▶ PROBLEM REQUIREMENTS
Restate all data exactly. No images.
##### DATASET CONTENT #####
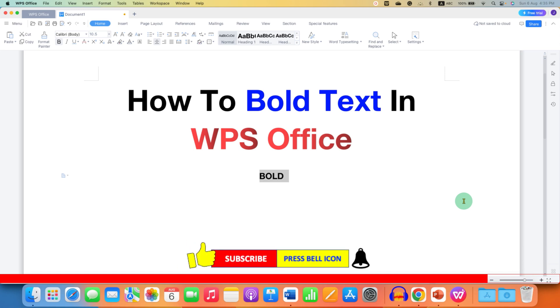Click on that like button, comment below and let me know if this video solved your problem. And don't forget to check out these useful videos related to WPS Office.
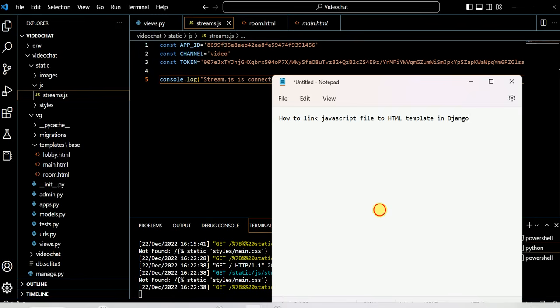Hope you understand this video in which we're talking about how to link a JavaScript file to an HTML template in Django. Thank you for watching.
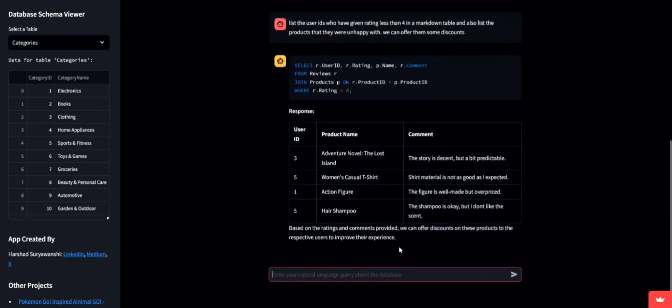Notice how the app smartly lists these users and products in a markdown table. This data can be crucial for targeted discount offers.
#####
▶ OUTPUT OF THE TASK
Click on that like button, comment below and let me know if this video solved your problem. And don't forget to check out these useful videos related to WPS Office.
Hope you understand this video in which we're talking about how to link a JavaScript file to an HTML template in Django. Thank you for watching.
Notice how the app smartly lists these users and products in a markdown table. This data can be crucial for targeted discount offers.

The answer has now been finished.